**WHAT THE EXERCISE ASKS:**
Could you set down the listing below exactly and omit its images?

══ RECORDED INFORMATION ══

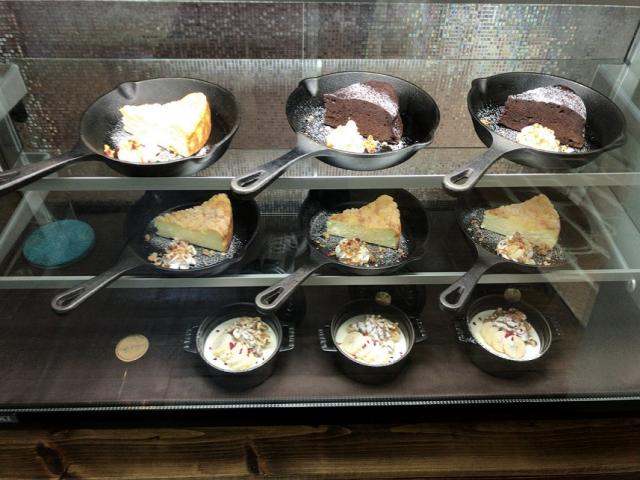 CafePlatreへの瀬戸の人さんのレビュー写真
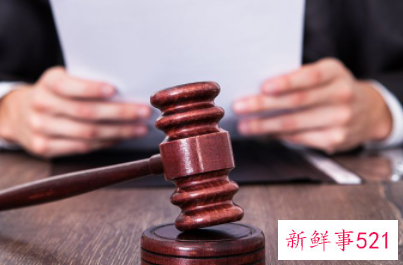 公司如何与员工解除劳动合同才能万无一失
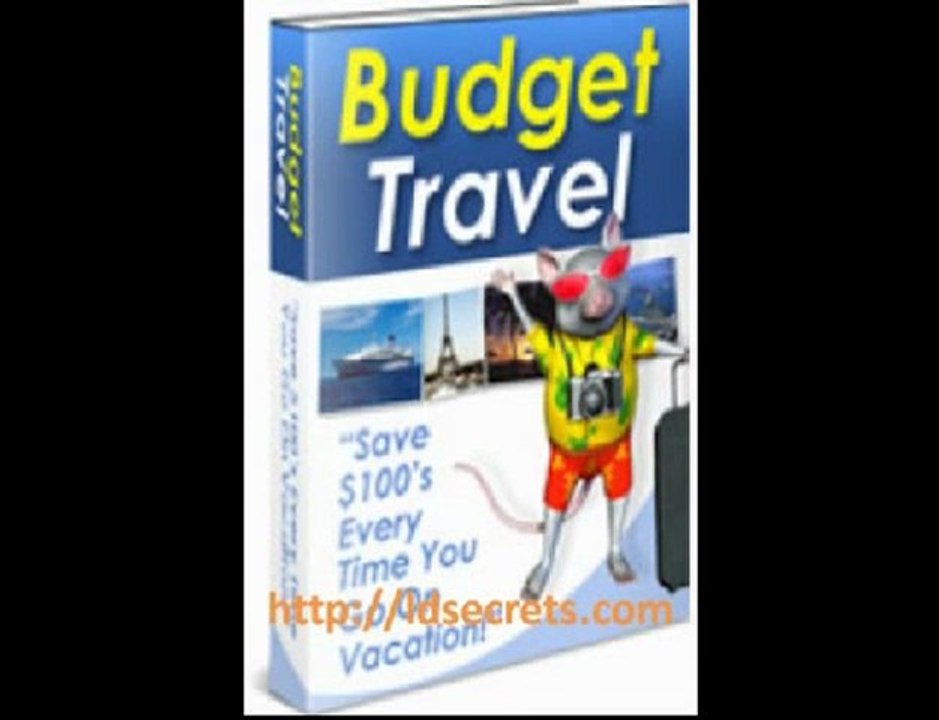 Ebook Store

═══

**ANSWER SECTION:**
 CafePlatreへの瀬戸の人さんのレビュー写真
 公司如何与员工解除劳动合同才能万无一失
 Ebook Store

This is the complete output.